*** Opening of Given data ***

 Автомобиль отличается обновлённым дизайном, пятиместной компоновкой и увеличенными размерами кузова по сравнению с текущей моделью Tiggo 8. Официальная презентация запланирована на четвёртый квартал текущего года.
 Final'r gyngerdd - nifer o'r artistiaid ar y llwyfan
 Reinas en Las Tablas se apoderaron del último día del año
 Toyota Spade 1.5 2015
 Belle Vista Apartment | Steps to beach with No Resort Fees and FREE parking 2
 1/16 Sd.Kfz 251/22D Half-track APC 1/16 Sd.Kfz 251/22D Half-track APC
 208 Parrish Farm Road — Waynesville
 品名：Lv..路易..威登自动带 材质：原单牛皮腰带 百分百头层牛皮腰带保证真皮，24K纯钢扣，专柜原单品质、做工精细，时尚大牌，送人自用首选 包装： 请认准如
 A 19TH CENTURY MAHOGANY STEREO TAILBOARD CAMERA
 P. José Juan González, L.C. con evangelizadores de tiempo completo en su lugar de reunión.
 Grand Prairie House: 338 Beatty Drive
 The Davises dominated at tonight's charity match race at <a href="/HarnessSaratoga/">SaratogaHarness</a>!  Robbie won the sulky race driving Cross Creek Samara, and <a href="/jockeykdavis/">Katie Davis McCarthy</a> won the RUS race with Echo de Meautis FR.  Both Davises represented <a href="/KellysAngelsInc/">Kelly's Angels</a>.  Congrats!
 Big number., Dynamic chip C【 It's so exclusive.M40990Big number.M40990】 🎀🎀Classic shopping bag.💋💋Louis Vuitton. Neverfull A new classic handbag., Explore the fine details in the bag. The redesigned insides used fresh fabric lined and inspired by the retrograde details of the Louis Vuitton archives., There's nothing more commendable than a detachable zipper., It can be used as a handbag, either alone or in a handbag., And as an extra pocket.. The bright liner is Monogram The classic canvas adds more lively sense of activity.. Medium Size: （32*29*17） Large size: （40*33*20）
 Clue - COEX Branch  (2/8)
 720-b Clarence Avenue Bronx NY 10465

*** Close of Given data ***

Retype, exactly as written, each line from the one that has "A 19TH CENTURY" to the bottom of the entries above, and include both of those lines.

Task response —
 A 19TH CENTURY MAHOGANY STEREO TAILBOARD CAMERA
 P. José Juan González, L.C. con evangelizadores de tiempo completo en su lugar de reunión.
 Grand Prairie House: 338 Beatty Drive
 The Davises dominated at tonight's charity match race at <a href="/HarnessSaratoga/">SaratogaHarness</a>!  Robbie won the sulky race driving Cross Creek Samara, and <a href="/jockeykdavis/">Katie Davis McCarthy</a> won the RUS race with Echo de Meautis FR.  Both Davises represented <a href="/KellysAngelsInc/">Kelly's Angels</a>.  Congrats!
 Big number., Dynamic chip C【 It's so exclusive.M40990Big number.M40990】 🎀🎀Classic shopping bag.💋💋Louis Vuitton. Neverfull A new classic handbag., Explore the fine details in the bag. The redesigned insides used fresh fabric lined and inspired by the retrograde details of the Louis Vuitton archives., There's nothing more commendable than a detachable zipper., It can be used as a handbag, either alone or in a handbag., And as an extra pocket.. The bright liner is Monogram The classic canvas adds more lively sense of activity.. Medium Size: （32*29*17） Large size: （40*33*20）
 Clue - COEX Branch  (2/8)
 720-b Clarence Avenue Bronx NY 10465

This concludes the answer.